_Dataset extract:_
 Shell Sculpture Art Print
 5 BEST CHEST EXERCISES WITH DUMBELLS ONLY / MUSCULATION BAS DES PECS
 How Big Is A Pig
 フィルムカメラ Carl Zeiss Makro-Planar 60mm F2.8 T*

--

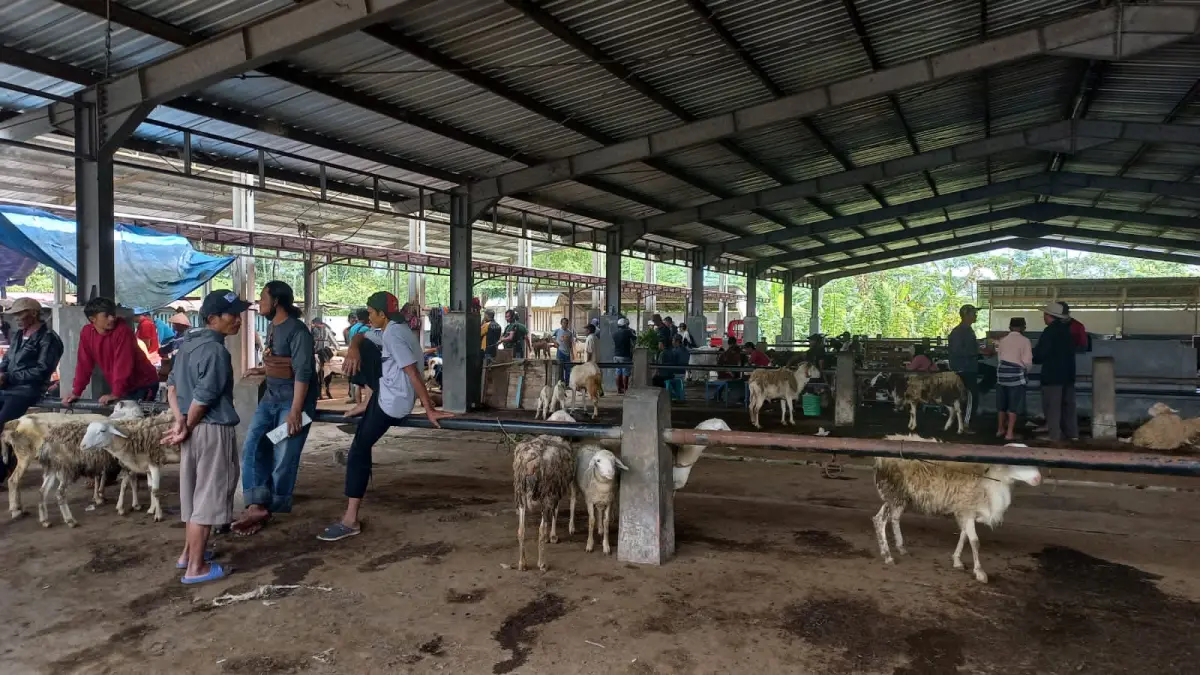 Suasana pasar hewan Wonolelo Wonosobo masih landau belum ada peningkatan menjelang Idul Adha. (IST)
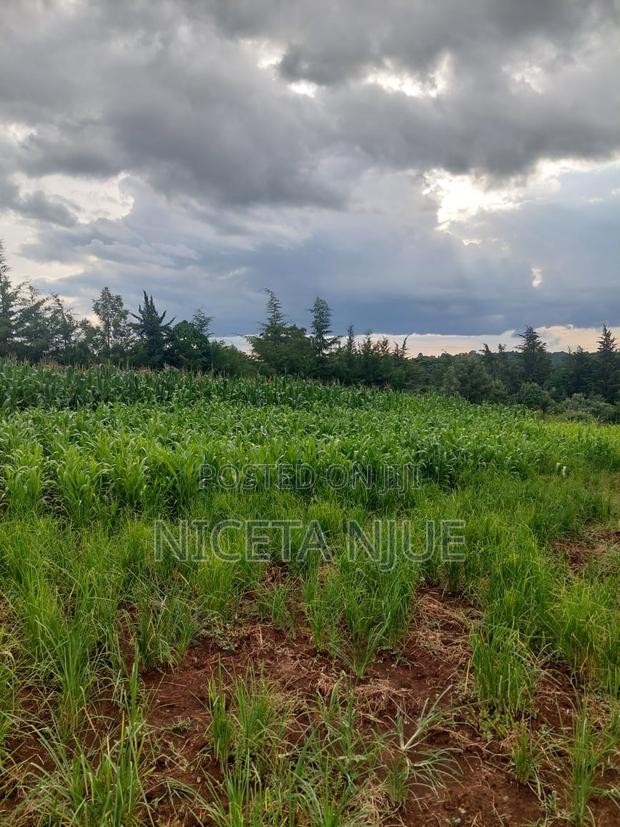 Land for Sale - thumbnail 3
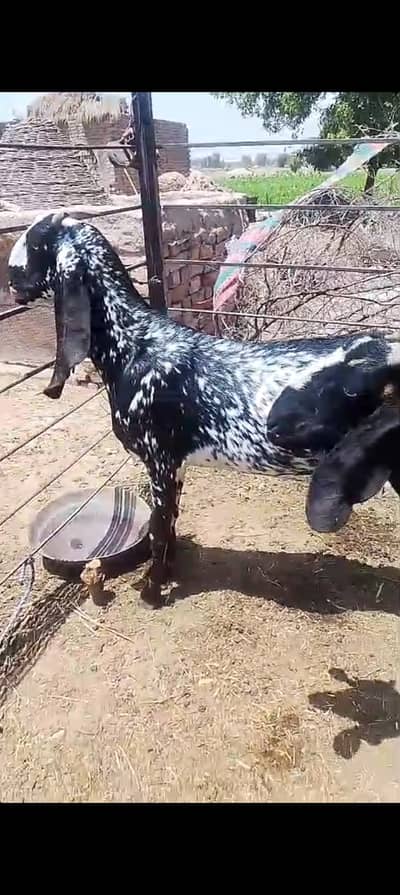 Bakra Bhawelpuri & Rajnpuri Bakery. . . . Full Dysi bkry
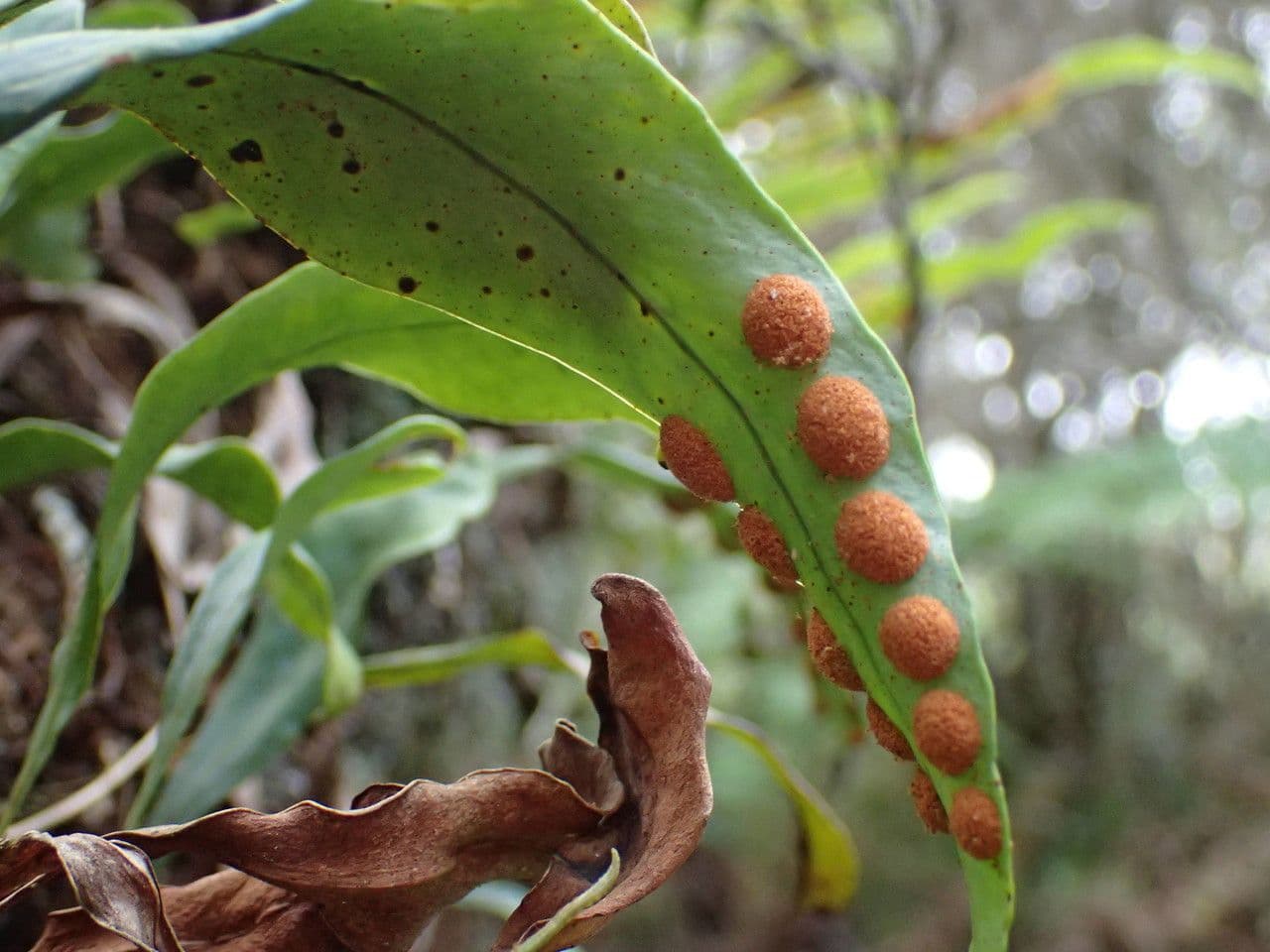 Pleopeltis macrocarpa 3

_What to produce:_
In the listing above, locate the line containing "5 BEST CHEST" and the line containing "フィルムカメラ Carl Zeiss Makro-Planar 60mm F2.8 T*". Transcribe those two lines and everything between them, exactly as written.

_Answer below:_
 5 BEST CHEST EXERCISES WITH DUMBELLS ONLY / MUSCULATION BAS DES PECS
 How Big Is A Pig
 フィルムカメラ Carl Zeiss Makro-Planar 60mm F2.8 T*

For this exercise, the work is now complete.